ORDECA
- Founded: July 15, 1972
- Regional affiliation: Central America

= ORDECA =

The Central American Sports Organization (acronym: ORDECA; in Spanish: Organización Deportiva Centroamericana) is an international organization which represents the current 8 National Olympic Committees of the Central American region.

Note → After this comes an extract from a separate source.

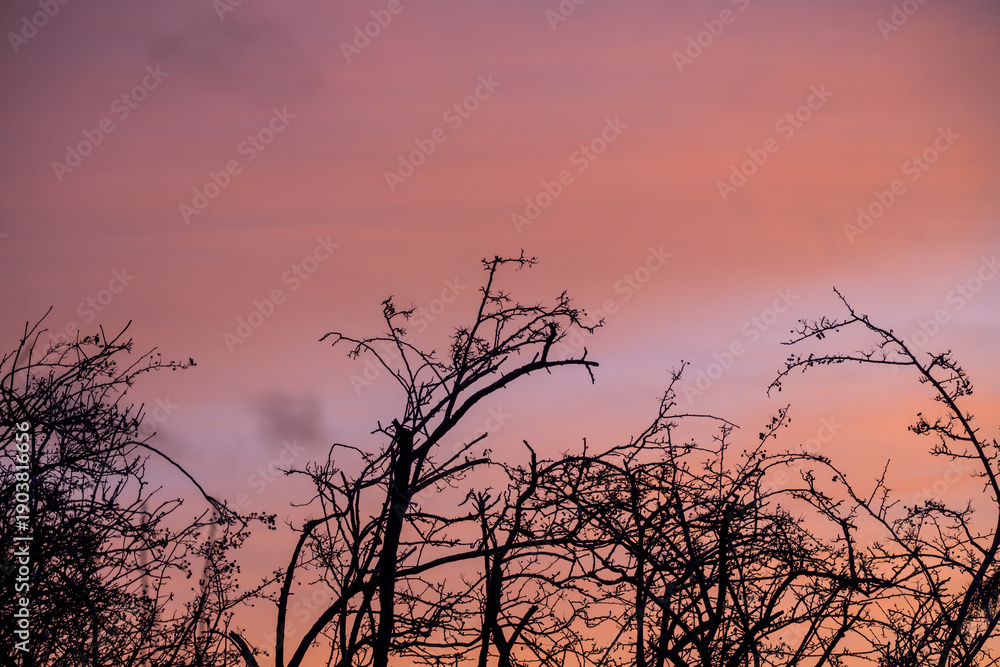 Fototapeta premium Winter background. Tree branches against pink winter sky at sunset.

It is affiliated with the Pan American Sports Organization.

It was established on 15 July 1972. It is recognised by the International Olympic Committee (IOC) that approved its creation at the Congress of the XX Olympiad, held in Munich, Germany, in 1972.

==Member nations==
There are 7 affiliated National Olympic Committees:

| Nation | National Olympic Committee |
|---|---|
| Belize | Belize Olympic and Commonwealth Games Association |
| Costa Rica | Costa Rican Olympic Committee |
| El Salvador | El Salvador Olympic Committee |
| Guatemala | Guatemalan Olympic Committee |
| Honduras | Honduran Olympic Committee |
| Nicaragua | Nicaraguan Olympic Committee |
| Panama | Panama Olympic Committee |

==Administration==
The ORDECA is the governing body of the Central American Games.

The then President of Olympic Committee of Guatemala Luis Canella Gutiérrez, was elected the first President of ORDECA.